- _Task brief_:
Copy task for the material below: print the line with "Textured Crystal Leaf" and every line after it to the end, exactly as written, without the pictures.

- _Data for this task_:
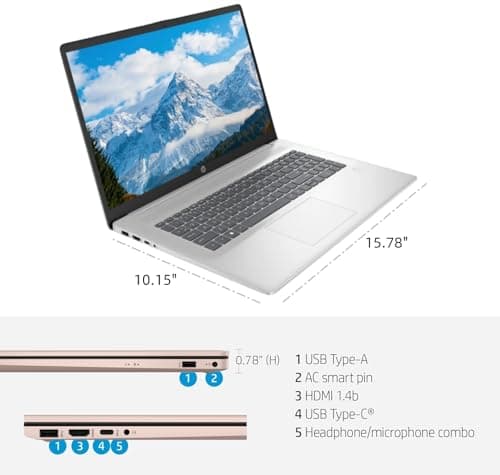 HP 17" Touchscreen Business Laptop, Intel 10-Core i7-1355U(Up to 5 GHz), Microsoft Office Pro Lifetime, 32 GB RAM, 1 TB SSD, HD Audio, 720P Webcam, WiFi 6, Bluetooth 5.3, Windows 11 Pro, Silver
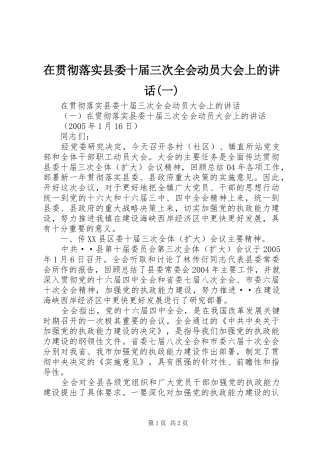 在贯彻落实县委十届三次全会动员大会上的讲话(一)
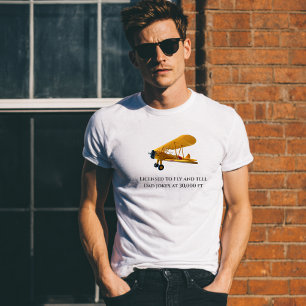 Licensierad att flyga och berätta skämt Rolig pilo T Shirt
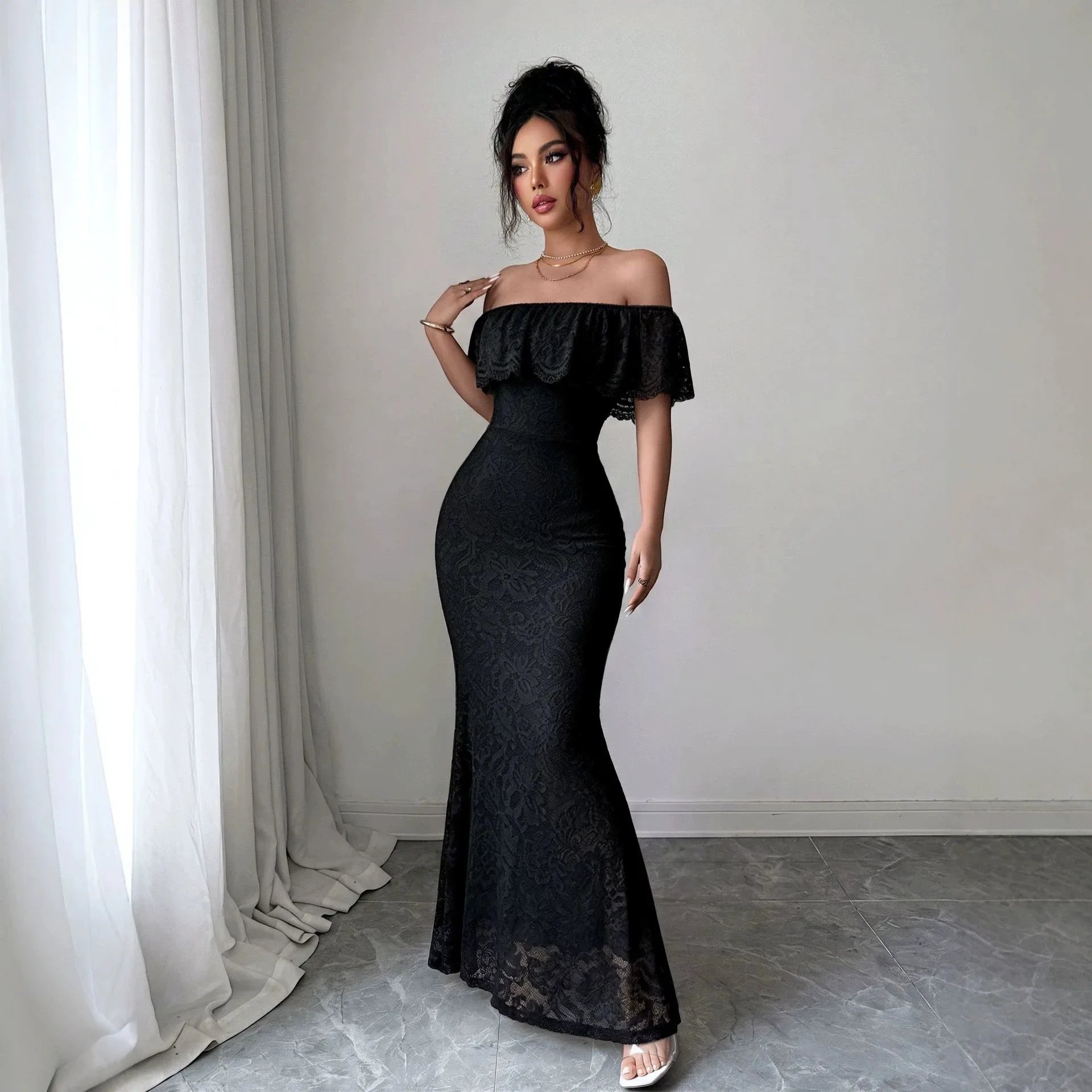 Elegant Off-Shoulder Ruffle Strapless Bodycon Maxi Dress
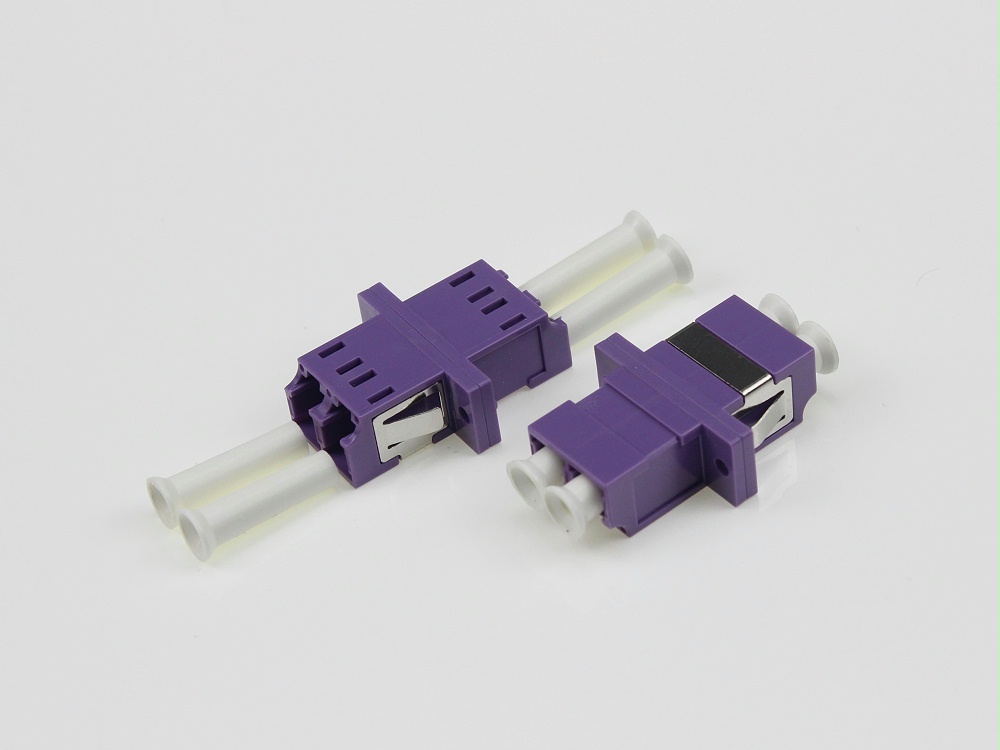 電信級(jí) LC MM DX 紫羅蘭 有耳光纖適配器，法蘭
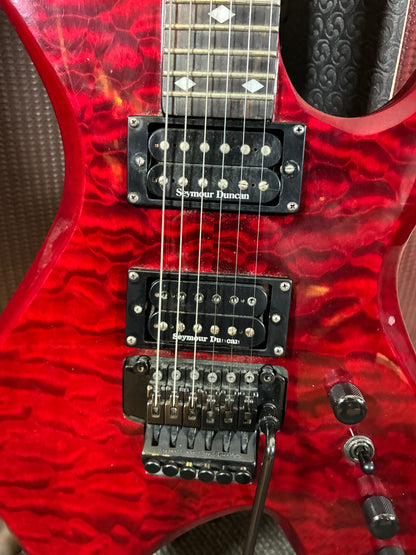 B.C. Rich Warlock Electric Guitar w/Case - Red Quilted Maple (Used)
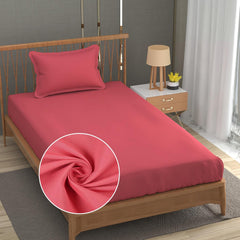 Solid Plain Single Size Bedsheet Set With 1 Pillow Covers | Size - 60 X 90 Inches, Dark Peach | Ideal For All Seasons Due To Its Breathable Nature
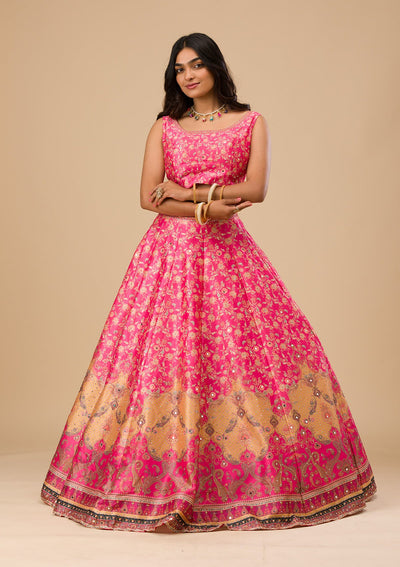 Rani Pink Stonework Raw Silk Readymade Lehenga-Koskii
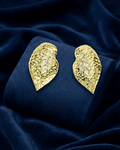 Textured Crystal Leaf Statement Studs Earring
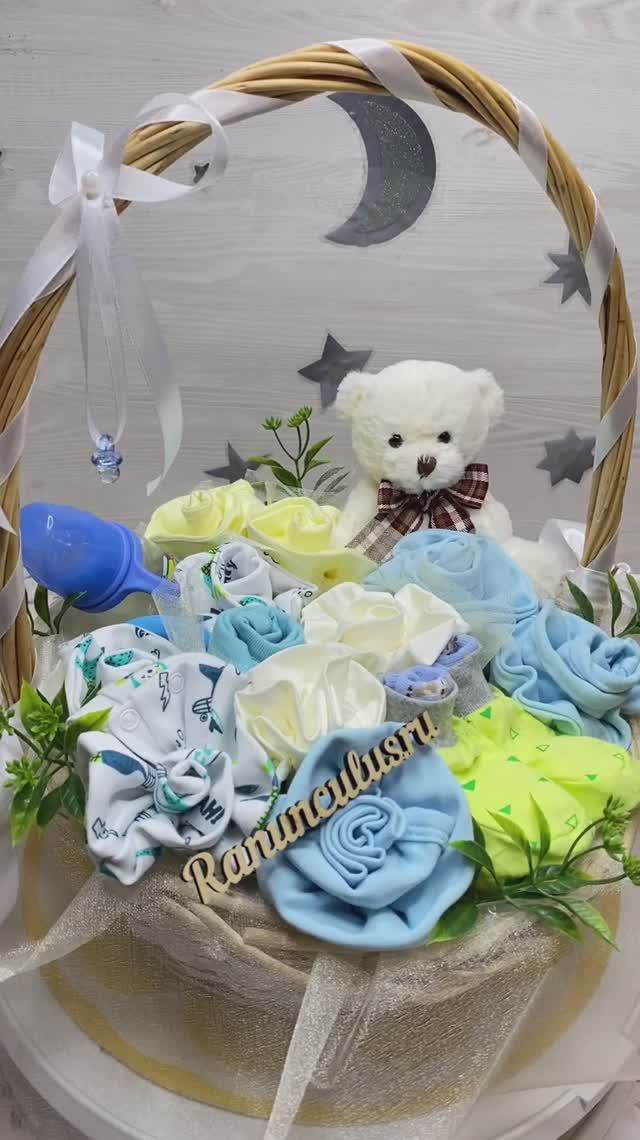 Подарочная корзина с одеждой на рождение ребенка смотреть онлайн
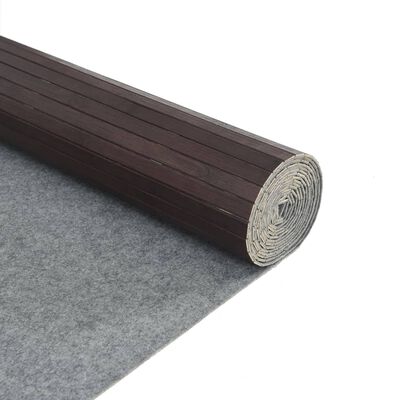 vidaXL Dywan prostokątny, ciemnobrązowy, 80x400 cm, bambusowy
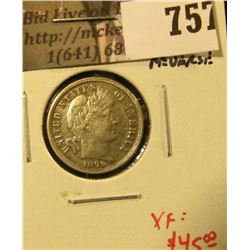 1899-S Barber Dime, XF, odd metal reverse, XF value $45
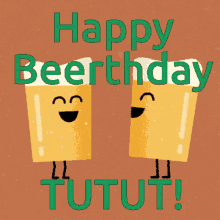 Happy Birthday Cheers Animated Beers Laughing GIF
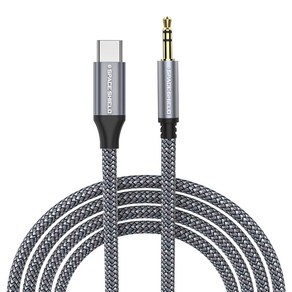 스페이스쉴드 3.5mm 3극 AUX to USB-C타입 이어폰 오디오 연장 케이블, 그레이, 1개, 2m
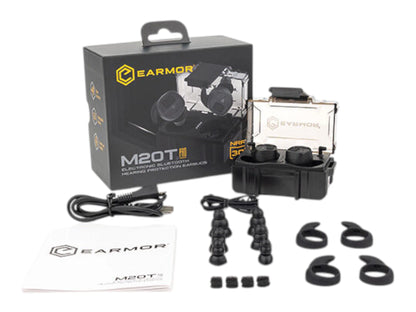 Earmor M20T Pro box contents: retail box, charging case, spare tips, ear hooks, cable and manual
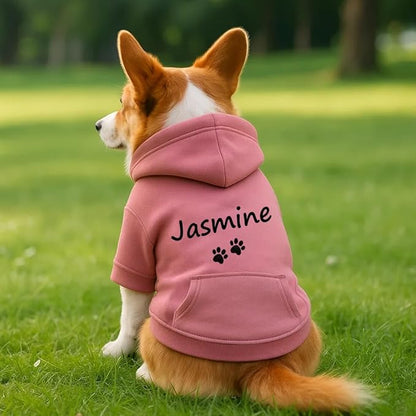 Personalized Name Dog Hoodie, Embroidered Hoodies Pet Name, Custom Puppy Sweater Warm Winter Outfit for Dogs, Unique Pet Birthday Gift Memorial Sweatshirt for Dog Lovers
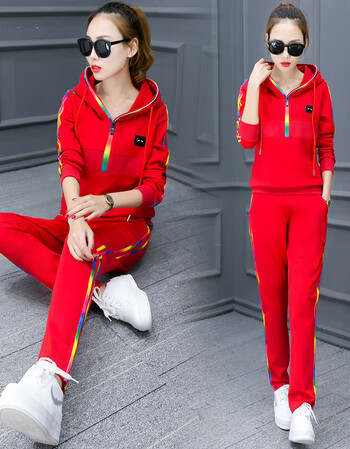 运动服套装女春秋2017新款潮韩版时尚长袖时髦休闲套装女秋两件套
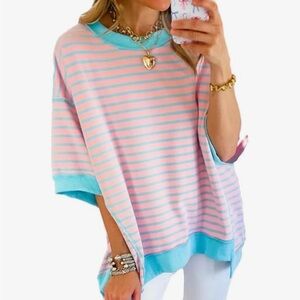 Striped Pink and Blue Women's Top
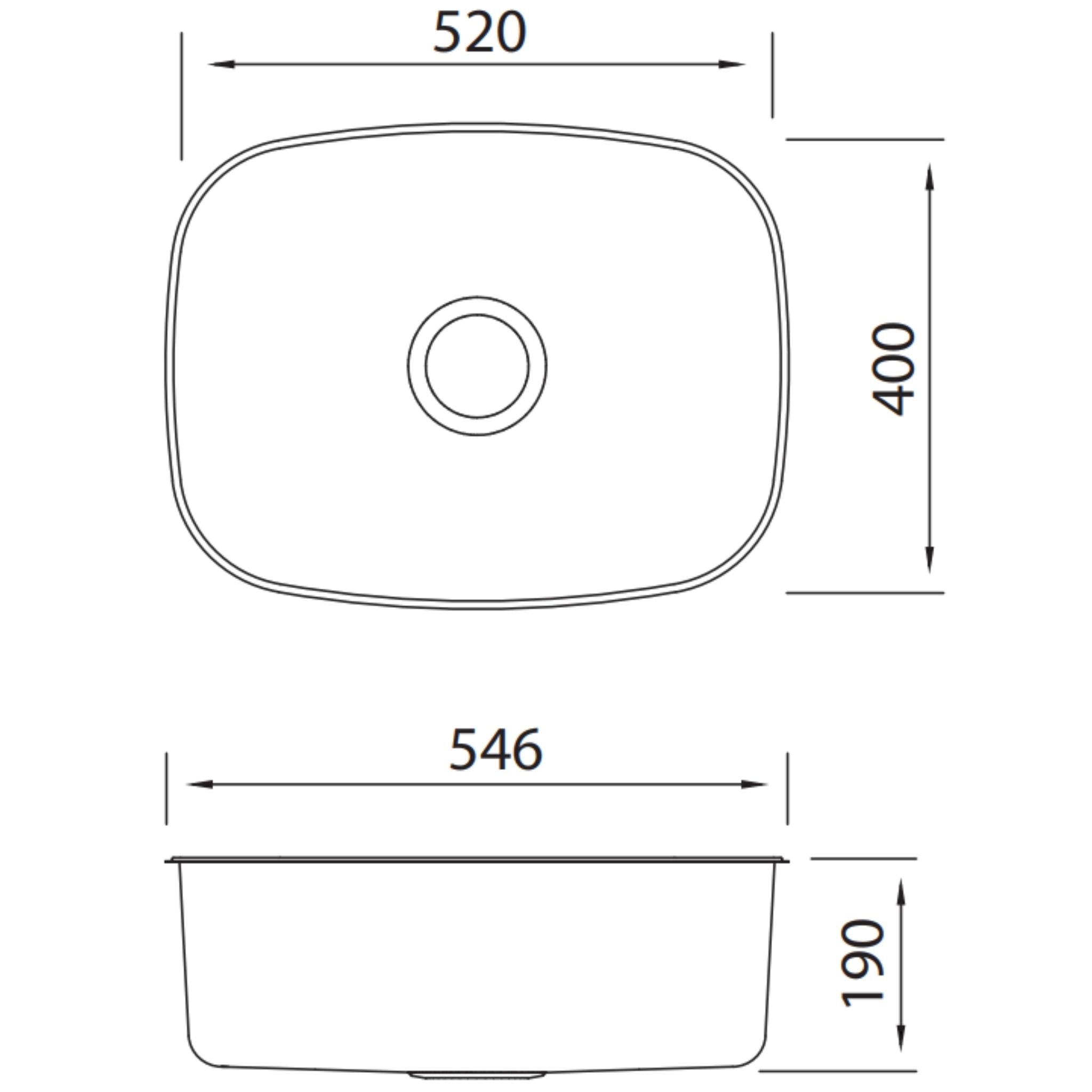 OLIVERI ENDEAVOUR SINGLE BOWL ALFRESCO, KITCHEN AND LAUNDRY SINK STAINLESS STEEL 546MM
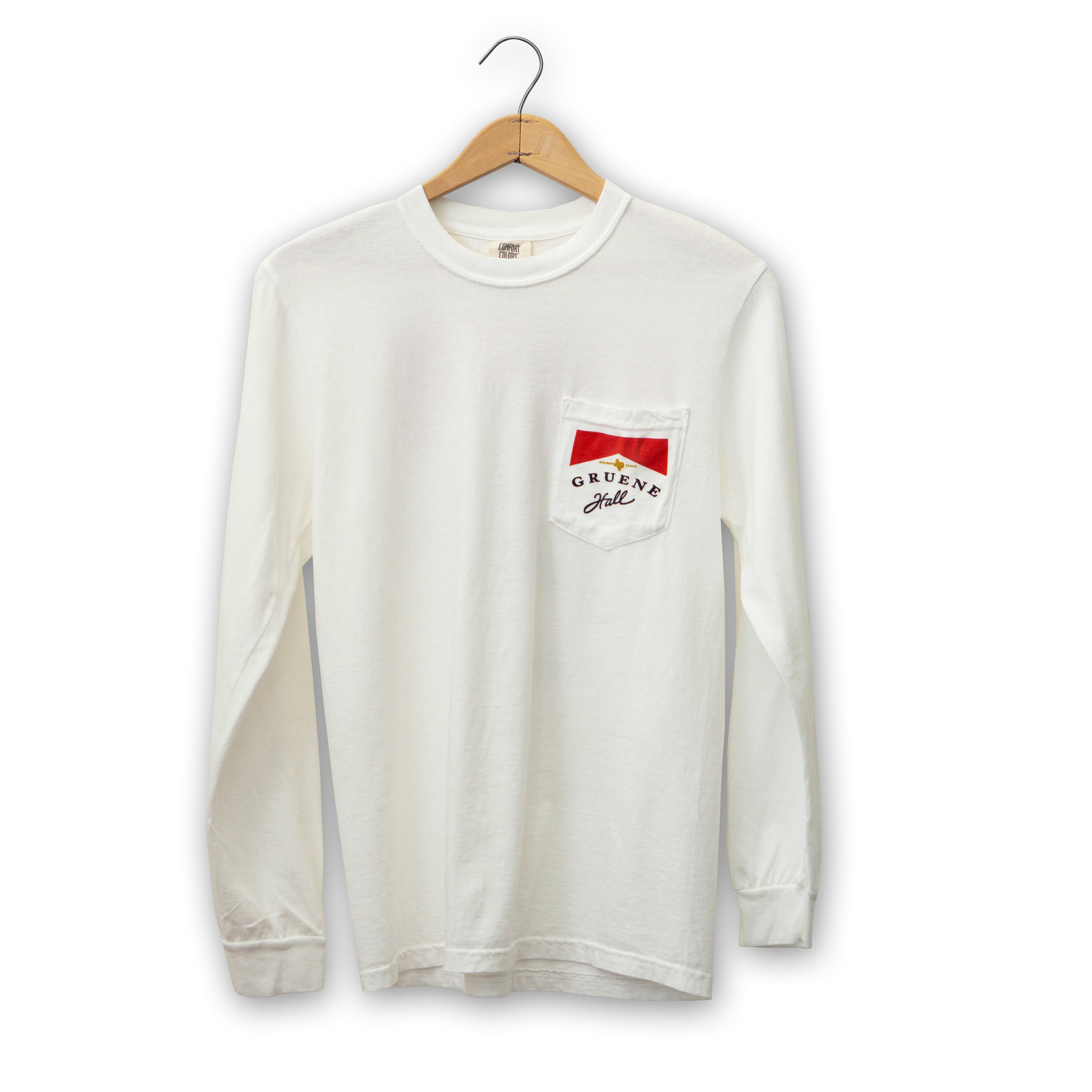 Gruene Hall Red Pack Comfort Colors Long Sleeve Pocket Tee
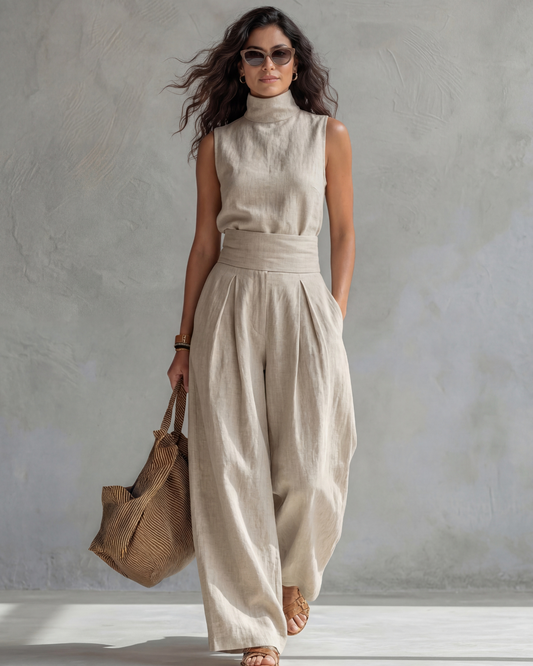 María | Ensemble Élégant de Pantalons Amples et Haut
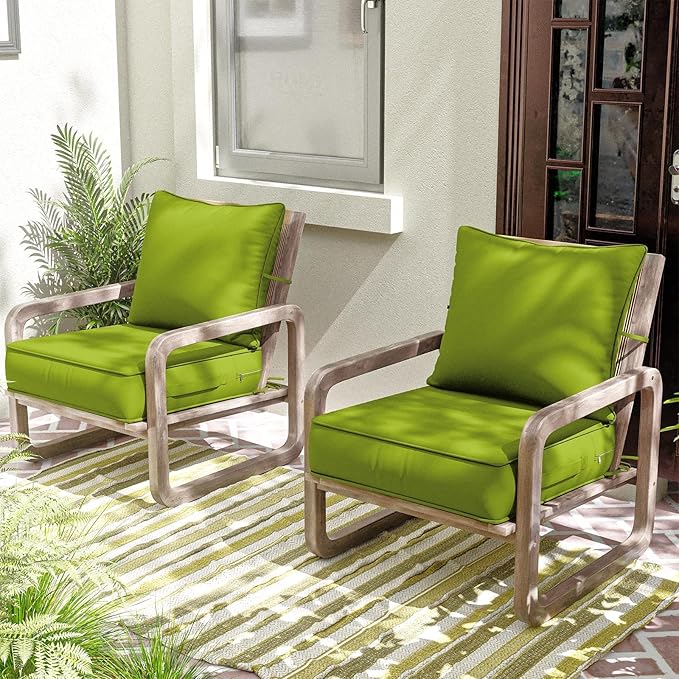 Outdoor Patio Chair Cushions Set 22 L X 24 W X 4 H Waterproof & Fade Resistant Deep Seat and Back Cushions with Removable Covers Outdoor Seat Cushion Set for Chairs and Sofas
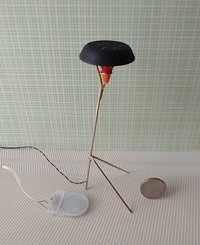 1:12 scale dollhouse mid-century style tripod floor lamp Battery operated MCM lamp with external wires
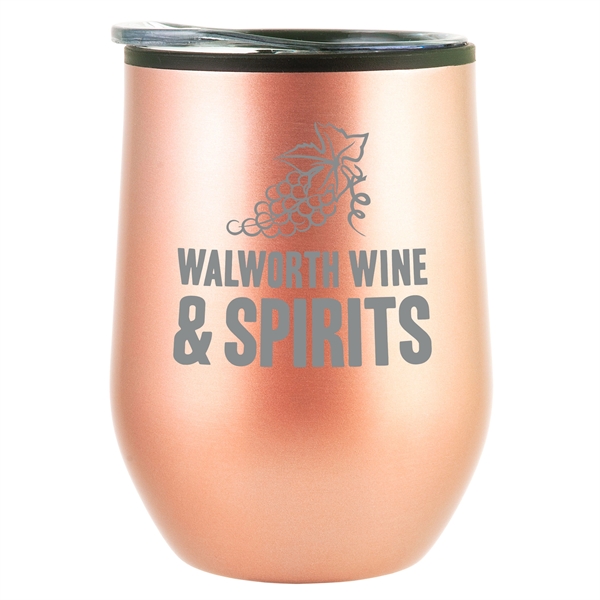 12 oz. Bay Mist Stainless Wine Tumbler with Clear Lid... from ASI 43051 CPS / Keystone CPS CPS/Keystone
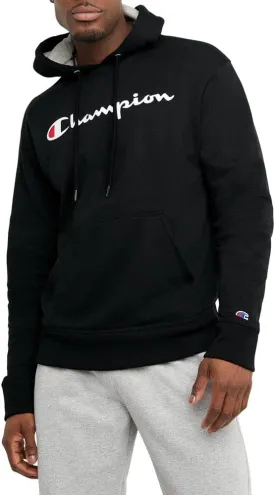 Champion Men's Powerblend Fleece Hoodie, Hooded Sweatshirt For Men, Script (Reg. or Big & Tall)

- _Solution to this problem_:
 Textured Crystal Leaf Statement Studs Earring
 Подарочная корзина с одеждой на рождение ребенка смотреть онлайн
 vidaXL Dywan prostokątny, ciemnobrązowy, 80x400 cm, bambusowy
 1899-S Barber Dime, XF, odd metal reverse, XF value $45
 Happy Birthday Cheers Animated Beers Laughing GIF
 스페이스쉴드 3.5mm 3극 AUX to USB-C타입 이어폰 오디오 연장 케이블, 그레이, 1개, 2m
 Earmor M20T Pro box contents: retail box, charging case, spare tips, ear hooks, cable and manual
 Personalized Name Dog Hoodie, Embroidered Hoodies Pet Name, Custom Puppy Sweater Warm Winter Outfit for Dogs, Unique Pet Birthday Gift Memorial Sweatshirt for Dog Lovers
 运动服套装女春秋2017新款潮韩版时尚长袖时髦休闲套装女秋两件套
 Striped Pink and Blue Women's Top
 OLIVERI ENDEAVOUR SINGLE BOWL ALFRESCO, KITCHEN AND LAUNDRY SINK STAINLESS STEEL 546MM
 Gruene Hall Red Pack Comfort Colors Long Sleeve Pocket Tee
 María | Ensemble Élégant de Pantalons Amples et Haut
 Outdoor Patio Chair Cushions Set 22 L X 24 W X 4 H Waterproof & Fade Resistant Deep Seat and Back Cushions with Removable Covers Outdoor Seat Cushion Set for Chairs and Sofas
 1:12 scale dollhouse mid-century style tripod floor lamp Battery operated MCM lamp with external wires
 12 oz. Bay Mist Stainless Wine Tumbler with Clear Lid... from ASI 43051 CPS / Keystone CPS CPS/Keystone
 Champion Men's Powerblend Fleece Hoodie, Hooded Sweatshirt For Men, Script (Reg. or Big & Tall)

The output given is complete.